The division by \(w' = g x + h y + 1\) is what makes the transformation projective rather than merely affine. When \(g\) and \(h\) are both zero, \(w'\) stays at one and the division does nothing – the affine form again. When either is non-zero, \(w'\) varies with the input position and pixels at different positions get foreshortened by different amounts, which no longer keeps parallel lines parallel – it is exactly the keystone effect of looking at a flat plane from an oblique angle. A projective transformation is the most general geometric warp that takes straight lines to straight lines; scaling, flipping, transposing, rotating, and the four-corner rotation correction are all special cases of one.

The named transformations drop out of the affine form directly. The identity transformation is the identity matrix, and:

\[\begin{split}\underbrace{\begin{bmatrix} 1 & 0 & t_x \\ 0 & 1 & t_y \\ 0 & 0 & 1 \end{bmatrix}}_{\text{translate by } (t_x, \; t_y)} \qquad \underbrace{\begin{bmatrix} s_x & 0 & 0 \\ 0 & s_y & 0 \\ 0 & 0 & 1 \end{bmatrix}}_{\text{scale by } (s_x, \; s_y)} \qquad \underbrace{\begin{bmatrix} \cos\theta & -\sin\theta & 0 \\ \sin\theta & \cos\theta & 0 \\ 0 & 0 & 1 \end{bmatrix}}_{\text{rotate by } \theta}\end{split}\]

For most hand-built transforms an application starts with one of these as a base and multiplies in further matrices for each additional operation, ending with a single 3-by-3 matrix that describes the composite warp. Matrices apply right to left: \(M = T R S\) runs the scale first, then the rotation, then the translation. The composite everyone needs eventually is rotation about the image centre – a bare rotation matrix spins the image about the pixel origin at the top-left corner, so the centred version moves the centre \((c_x, c_y)\) to the origin, rotates, and moves it back:

\[\begin{split}M = \underbrace{\begin{bmatrix} 1 & 0 & c_x \\ 0 & 1 & c_y \\ 0 & 0 & 1 \end{bmatrix}}_{\text{move centre back}} \underbrace{\begin{bmatrix} \cos\theta & -\sin\theta & 0 \\ \sin\theta & \cos\theta & 0 \\ 0 & 0 & 1 \end{bmatrix}}_{\text{rotate}} \underbrace{\begin{bmatrix} 1 & 0 & -c_x \\ 0 & 1 & -c_y \\ 0 & 0 & 1 \end{bmatrix}}_{\text{move centre to origin}}\end{split}\]

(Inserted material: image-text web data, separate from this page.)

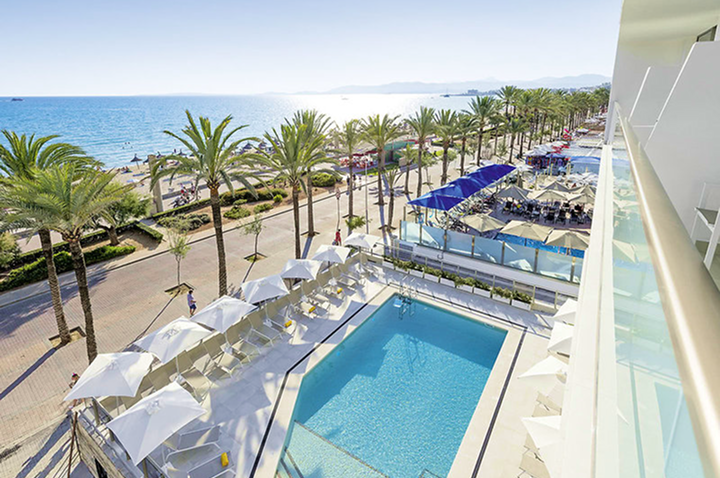 Blick von Balkon auf rechteckigen Pool mit weißen Sonnenschirmen, Palmen und Strand mit Meer im Hintergrund.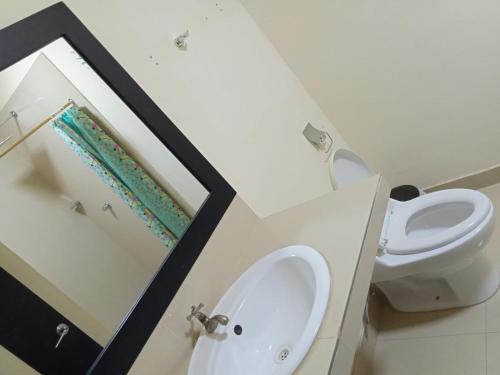 La salle de bains est pourvue d'un lavabo, de toilettes et d'un miroir. dans l'établissement HOTEL AVICTORIA, à Tonsupa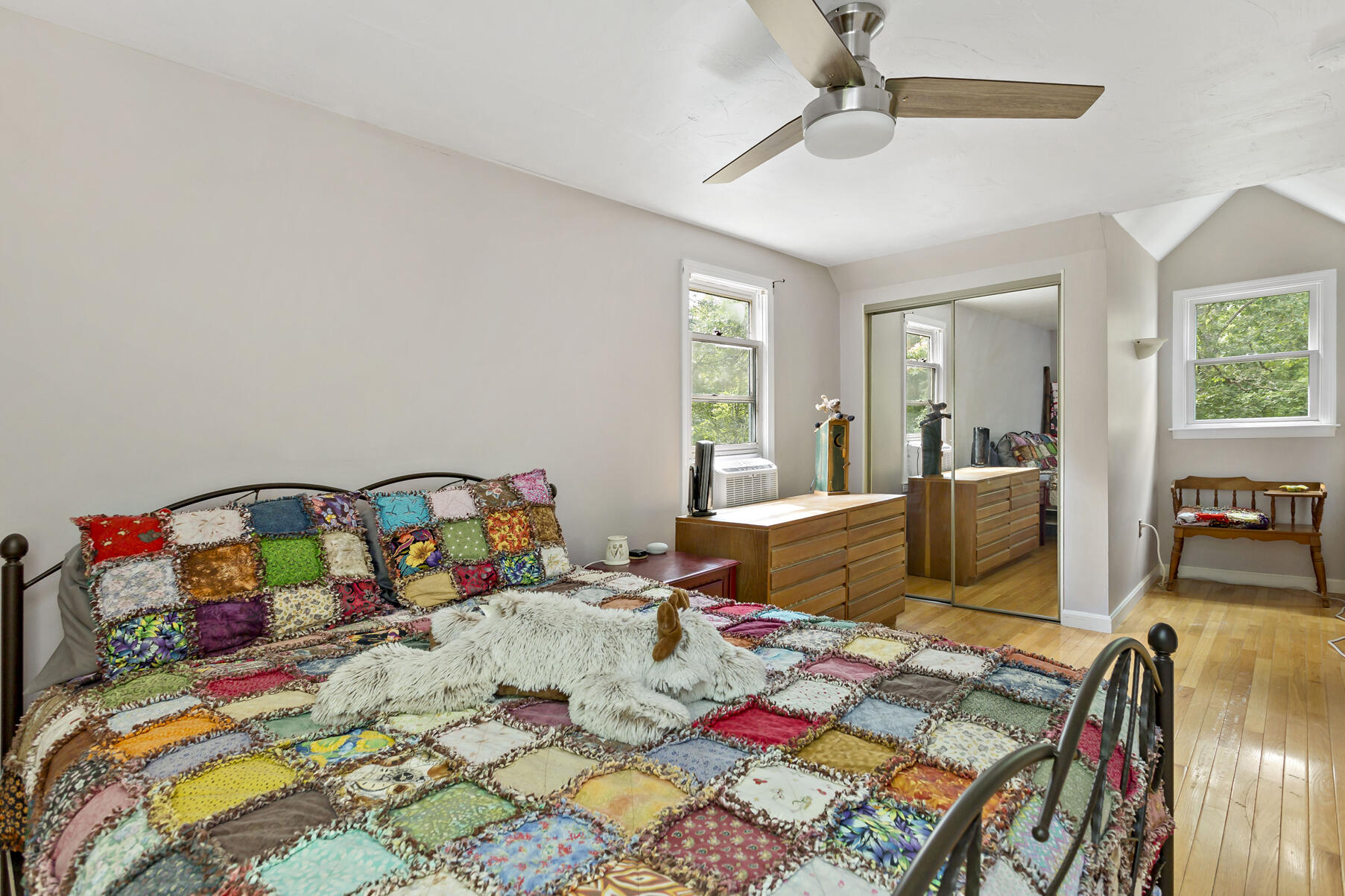 58 Saddleback Road Mashpee, MA 02649 - Photo 16 of 40 a bed sitting in a bedroom next to a window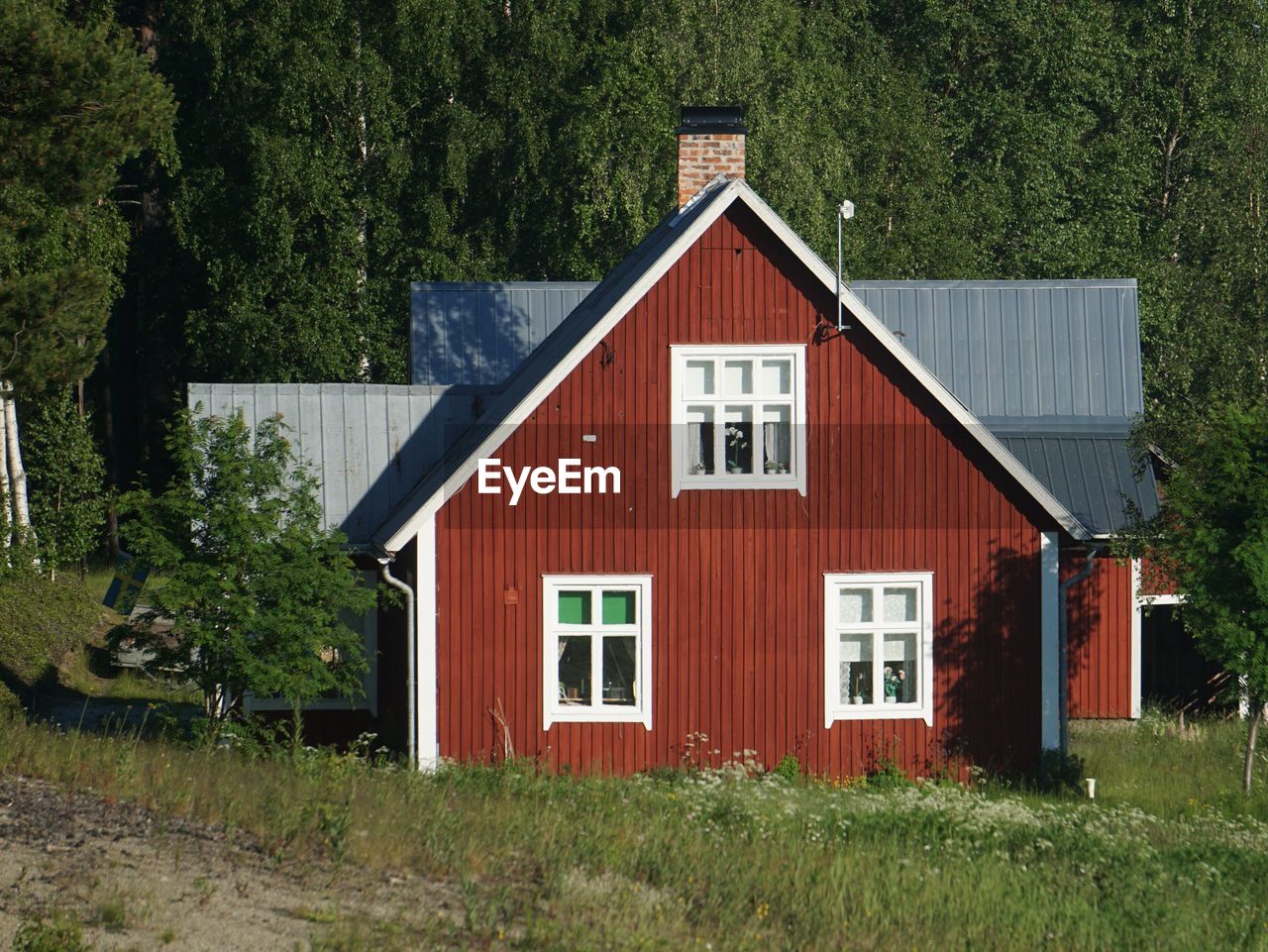 Red house on field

7.23.2. The transform keyword

The matrix goes in through a transform keyword, supplied as a 3-by-3 ulab.numpy.ndarray. The method to reach for is draw_image(), which warps the source through the matrix as it draws it onto a destination – the result lands in a buffer the application controls, and the warp composes with everything else on the call: the scaling, the alpha blending, the masking.

import ulab.numpy as np

M = np.array([[1.2,  0.0, -20.0],
              [0.0,  1.2, -15.0],
              [0.0,  0.0,   1.0]])

canvas.draw_image(img, transform=M)

The example warps img onto canvas scaled by 1.2 in each direction and shifted left and up by 20 and 15 pixels respectively – an affine warp built directly from the matrix entries described above. The same keyword on copy(), crop(), and scale() applies the warp to the image itself.